【試し読み】ボルヘス『伝奇集』迷宮の夢見る虎
ブエノスアイレスが生んだ幻想小説の巨匠ホルヘ・ルイス・ボルヘス。
1944年に刊行された『伝奇集』(原題はFICCIONES)は20世紀文学の傑作として奇想奇譚を愛する読者を魅了しつづけています。
「バベルの図書館」「八岐の園」「死とコンパス」など17編の名作を収録したこの短編集は、夢と現実、虚構と現実が織り混ざり、謎や象徴や巧智がはりめぐらされたボルヘス世界の魅力がつまった作品です。
『伝奇集』の初版
ブエノスアイレスのスール社から1944年に刊行された。
読者のなかには、そんなボルヘスの迷宮でいつも迷子になってしまうという人もいるのではないでしょうか。
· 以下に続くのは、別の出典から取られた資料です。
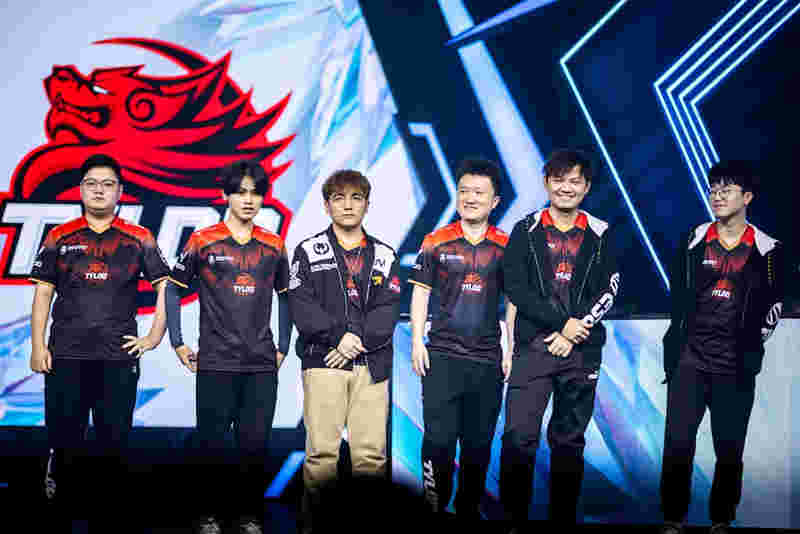 WBGvsNIP首发公布：Rookie中路对阵Xiaohu，Leyan直面Tarzan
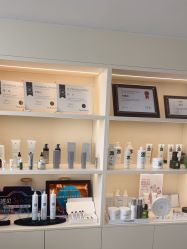 -JNK皮肤管理中心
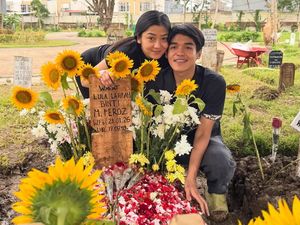 Tiba dari Eropa, Kakak Langsung Ziarah ke Makam Lula Lahfah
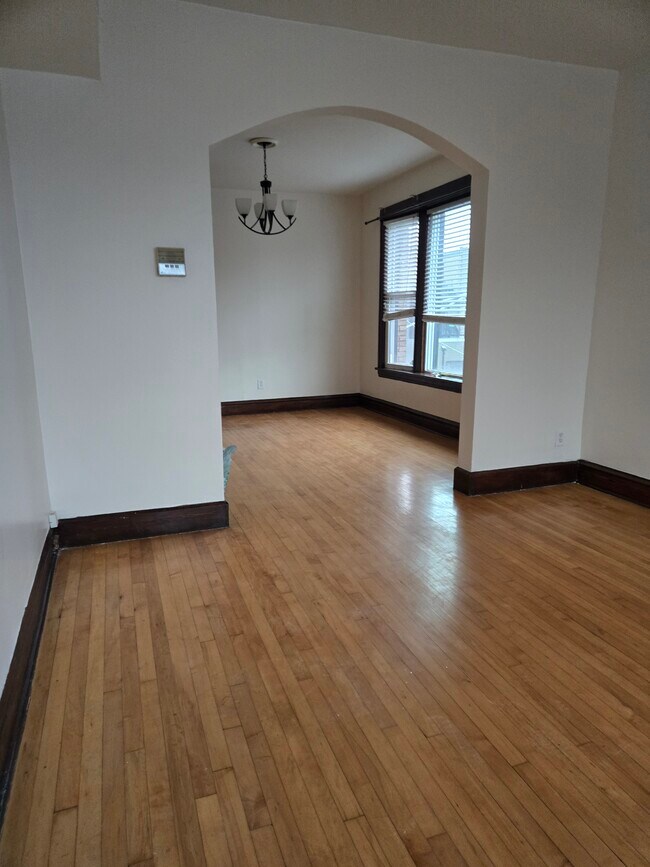 Foto del edificio - 3259 W Potomac Ave
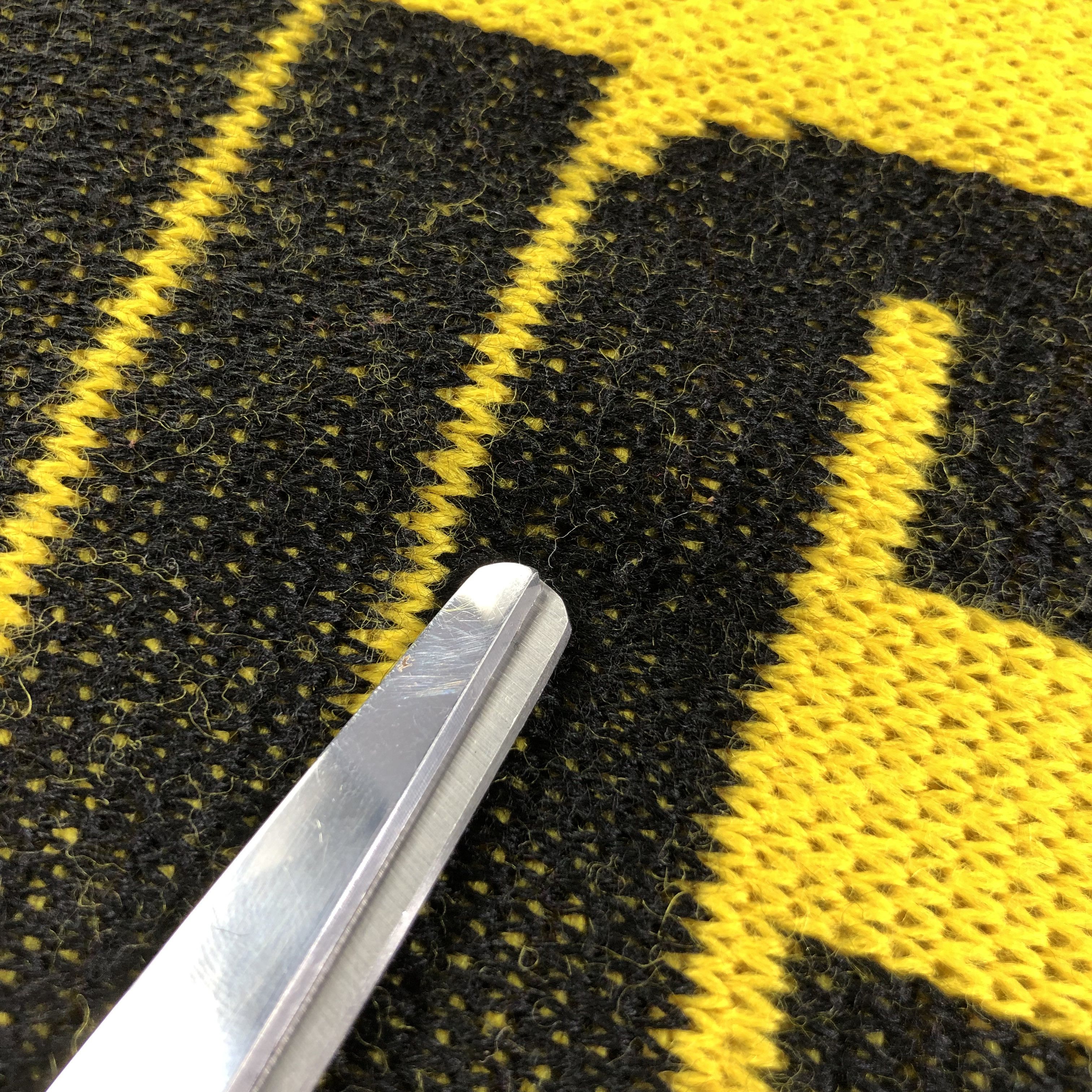 Michiko Koshino Michiko London Yellow Wool Scarf Muffler V1345 Size ONE SIZE - 8 Thumbnail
ボルヘスをまともに(まじめに)解釈したり、解説したりするのは困難だからこそ、ボルヘスに正面から挑む本がまだ少ないのかもしれません。
本書『ボルヘス『伝奇集』――迷宮の夢見る虎』では、ラテンアメリカ文化をこよなく愛し、「書物についての書物」を紡ぎ出してきた今福龍太氏がボルヘスに向き合います。スペイン語原文から丁寧に読み直しつつ、無限、円環、迷宮、永遠、夢といった多彩な謎を鮮やかにとりだして、ボルヘスの幻想をそのままに味わうよう読者を誘います。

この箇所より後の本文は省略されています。